I, like many others, write more often when I travel, and so my fondness for an exploration of diary culture was not surprising. A Book of One’s One, by Thomas Mallon, inspired me to greater vigilance in keeping my own notebooks, paltry and thin as they may be.
Another important thread was tied to family, relationships, and changing dynamics within them. Elizabeth Smart’s words continued to haunt me in her story of a love affair, By Grand Central Station I Sat Down and Wept, though admittedly I should have read this book before I read its sequel, The Assumption of the Rogues & Rascals, not after. In Department of Speculation, Jenny Offil’s economy of language makes the feats of her storytelling even more amazing, packing a tale of motherhood and a fractured relationship into a slim, masterful work. And Rufi Thorpe’s The Girls from Corona del Mar offered characters -- friends so close as to feel like family -- that were incredibly well drawn and yet still puzzling, in ways, to the last page, resisting easy answers and thus reflecting the very problem of being human.
Interesting oldies
I continued to be drawn to older works, those that have fallen into obscurity to some degree.
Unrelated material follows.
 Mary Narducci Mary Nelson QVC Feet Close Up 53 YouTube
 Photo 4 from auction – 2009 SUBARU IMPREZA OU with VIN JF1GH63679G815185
In Women Against Men, I was enraptured by Storm Jameson’s solitary characters. Sylvia Townsend Warner’s Lolly Willowes “[showed scorn for] pretending life’s a safe business.” I spent a good deal of time with Tove Jansson and want to revisit The True Deceiver, her enigmatic novel of a Scandinavian winter. I dined on several MFK Fisher books, including Serve It Forth, relishing the flavors of her writing on food, travel, and love. Truman Capote’s Breakfast at Tiffany’s was darker, and more wonderful, than I could have hoped. Around Halloween, I read Wilkie Collins’s The Woman in White, entranced by the ghostly mystery. And The Home-Maker, by Dorothy Canfield Fisher, upended gender roles at a time when they were fairly conscribed, and this book is a delight in its pragmatism and lack of sentimentality about what people can achieve when they’re working toward ends that suit their personalities.
Fact not fiction
Although I was drawn primarily to fiction this year, there were some highlights in the nonfiction pile as well. A character like Patricia Highsmith would be nearly unbelievable if imagined in a novel; Joan Schenkar’s biography of the fabled writer fleshed out her life in gruesome detail. As an editor, I make a habit of reading style guides of many stripes, and I particularly enjoyed Steven Pinker’s latest book, The Sense of Style, which laid out a philosophy of broad-mindedness rather than rote application of rules that may not hold water; style, he suggests, should be used “to enhance the spread of ideas, to exemplify attention to detail, and to add to the beauty of the world.” Finally, in a taut essay collection, Leslie Jamison’s excellent The Empathy Exams looked at the emotion as a point of inquiry, emphasizing the importance of extending our horizons to better connect with those around us.
Just passing the time
Finally, some other immensely enjoyable pleasures that I took in quickly, greedily, and with great glee. I was late to the party on Alexis M. Smith’s Glaciers, but the quiet, slim novel resonated with me as another searcher, a collector of cast-offs. Americanah by Chimamanda Ngozi Adichie was difficult to put down. Several Rainbow Rowell books -- Eleanor and Park, Landline, and Fangirl -- offer charming characters and quick-moving plots. Lizard Music, by Daniel Pinkwater, is a strange vacation from reality for one little boy. Helen Oyeyemi crafts another world, familiar and yet remote, in Boy, Snow, Bird. Emily St. John Mandel's Station Eleven gives a glimpse of the world after collapse, dark and yet lit with shards of art that glitter amid the decay. Broken Monsters, by Lauren Beukes, is a fast-moving and unnerving thriller. A. S. King cautions us against drinking potables made from a dead bat in Glory O’Brien’s History of the Future. Another solitary searcher takes center stage in Amy Rowland’s The Transcriptionist. Jincy Willett’s Amy Falls Down is a funny ode to the underdog, a tribute to second acts. Lydia Davis’s bite-size stories in Can’t and Won’t are polished gems. Oh, I could go on and on; there are more, so many more, in the full run-down of my 2014 book diet. Read heartily, read often, read on!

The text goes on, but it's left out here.